# USB Card Reader - not recognized WINXP



## calistayork (Nov 16, 2004)

Thought I posted this yesterday - but can't find it now! Lost my camera cable - bought a USB 2.0 card reader - went to manufacturer site www.jascoproducts.com - but the only drivers used are for WIN98. Comes up as unrecognized - unknown - and I can't get it to work. Any suggestions? Thanks.


----------



## Jaymie1989 (Mar 25, 2007)

Hi,

Can you provide me the type of what it is. So i can look on the website.

Have you tryed Windows Updates to see if it comes up on there?

Jay:wave:


----------



## calistayork (Nov 16, 2004)

The Card Reader - USB 2.0 Mobile Card Reader/Writer made by GE - lists their site as www.jascoproducts.com....The only driver downloads pertain to WIN98 .......I did go to check for updates - nothing that seemed to make a difference. I've tried the front and then the back...Comes up USP Device Not Recognized - troubleshooting takes you to USB Root Hub (2 ports) Unknown Device, Unused Port......try reconnecting - if it still does not recognize, replace the device. I tried out tech support for our provider and they are usually pretty helpful - but it was the "Oh, that could be a lot of things, we don't have the time!" I 'm trying to get a pix to someone from our Craigslist wanting a free gym machine! Great! Thanks for your help.


----------



## Jaymie1989 (Mar 25, 2007)

Can you tell me which one it is in the list please

http://www.jascoproducts.com/support/software-downloads.asp#cardreaders


----------



## calistayork (Nov 16, 2004)

The package says 97931 - thanks again!


----------



## Jaymie1989 (Mar 25, 2007)

Well I cannot find a driver for any other OS. You try changing the compatibility to Windows 98.

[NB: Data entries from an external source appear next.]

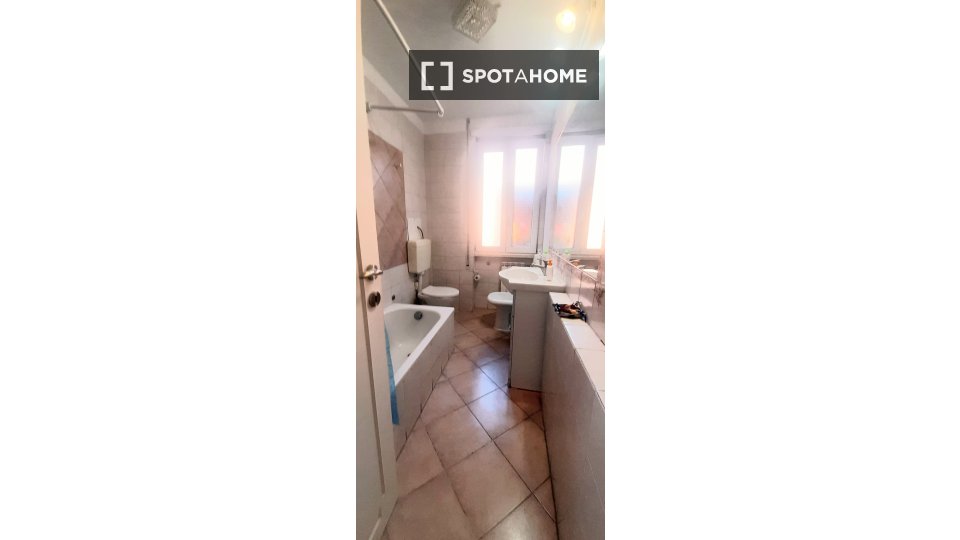 Double room Rome, 6 beds — photo 5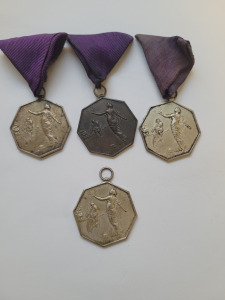 1929-1930 Kerékpáros Sport érmek: A.K.Kerületi verseny, Makói T.K. Országos III. Díj stb. 4db együtt
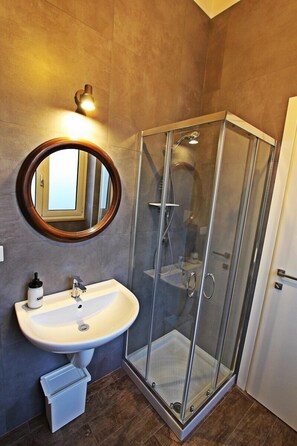 Deluxe Triple Room | Bathroom | Shower, hair dryer, bidet, towels - Il Civico 2 (Bari)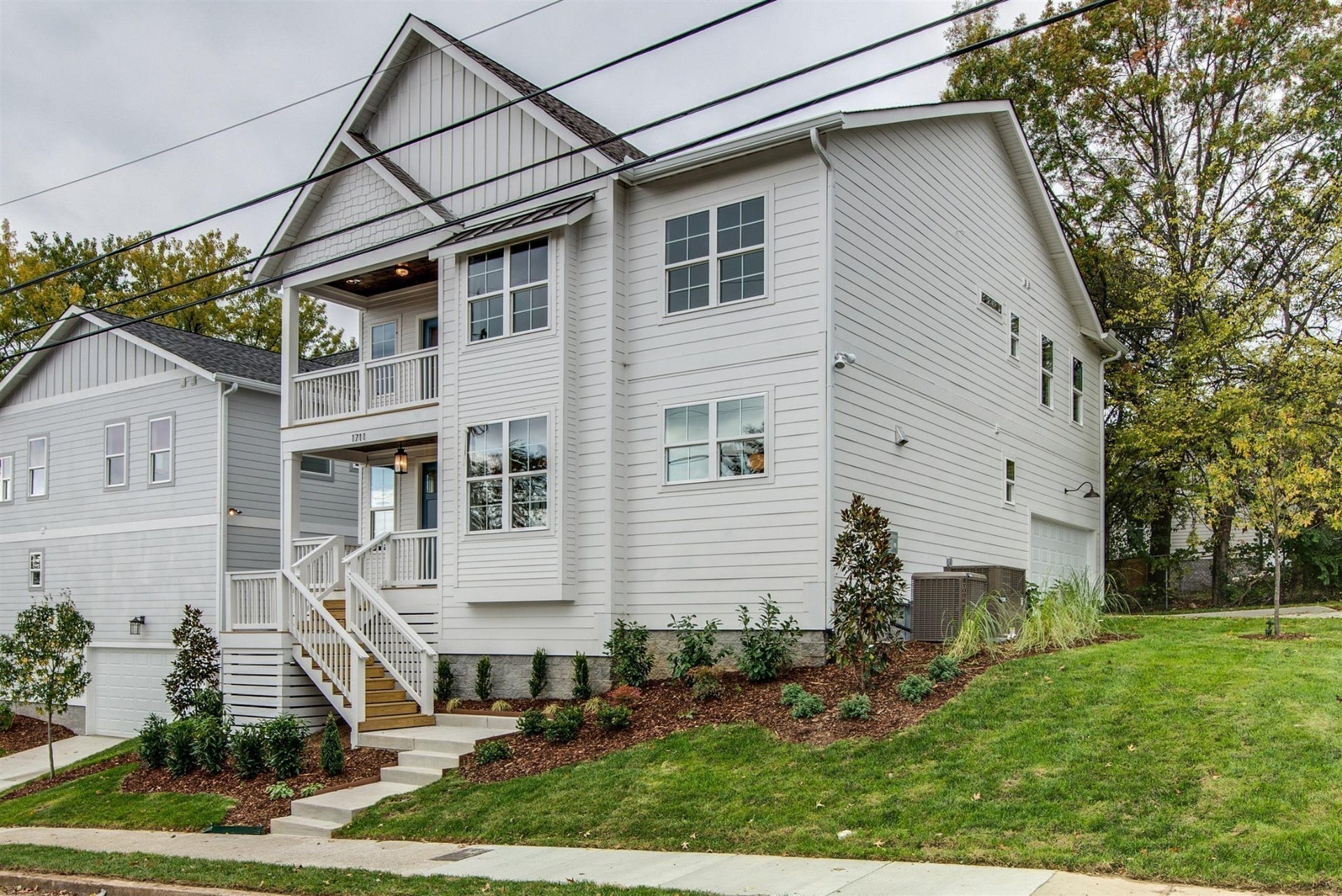 1711 10th Avenue S, Nashville, TN 37203 Residence with great curb appeal. Designer finishes throughout.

Is there an icon in my computer for it?


----------



## calistayork (Nov 16, 2004)

I don't know how to go back to a 98 menu - no icon as far as I see - geez - thanks so much for trying - I may just take back the card reader and try a new one - everyone from the Dell boards say it shouldn't need a driver - but they list a ton of "not recognized" problems! I'll try a new one.


----------